Synchrony oversees “private label” credit cards for some 300,000 merchant and retail businesses in some 400,000 locations, companies like H.H. Gregg, Walmart, Amazon and your local Morris Furniture and Tire Discounters dealers, among many others.
When a shopper buys, say, a TV at H.H. Gregg and finances that purchase with an H.H. Gregg credit card, Synchrony is involved.
What’s happening at the innovation station is work to make those purchases smoother and more secure. Jay Neidermeyer, senior vice president and IT leader for Synchrony Payment Solutions and Commercial, on Wednesday demonstrated a technology being tested in Kettering — one that reads the hands of shoppers to identify them through “bio-metric” markers.
Neidermeyer resisted predicting precisely when such identification technology might be widely used. But he said the technology is viable now.

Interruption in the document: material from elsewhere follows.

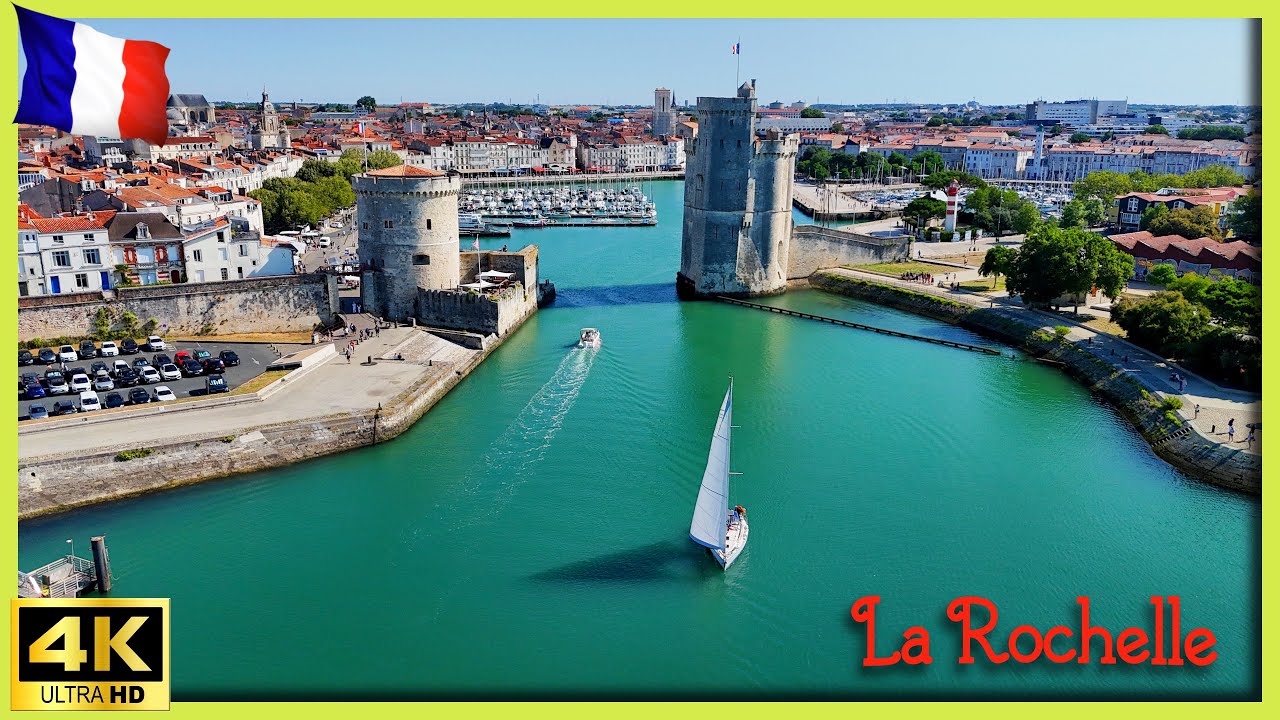 [4K] Stunning views: La Rochelle, Île de Ré et Pont de Ré | France | Relaxing | Drone |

“We’re not too far from the day when pulling plastic out will be kind of quaint,” Neidermeyer said.
Earlier this year, Synchrony announced plans to bring 200 new jobs to the approximately 400,000-square-feet of offices at 950 Forrer Blvd.
“I know they’re in the process of that already,” said Gregg Gorsuch, development director for the city of Kettering.
Synchrony is also opening a career center for training of employees, Gorsuch added.
“Synchrony just continues to be a leader in their industry,” he said.
The company is a successor to the GE Capital operation that had been at the Kettering Business Park. In one form or another, a consumer financing operation has been housed at the business park since about 1996, Gorsuch said.
“With that number of employees, they are the lifeblood of the business park,” he said.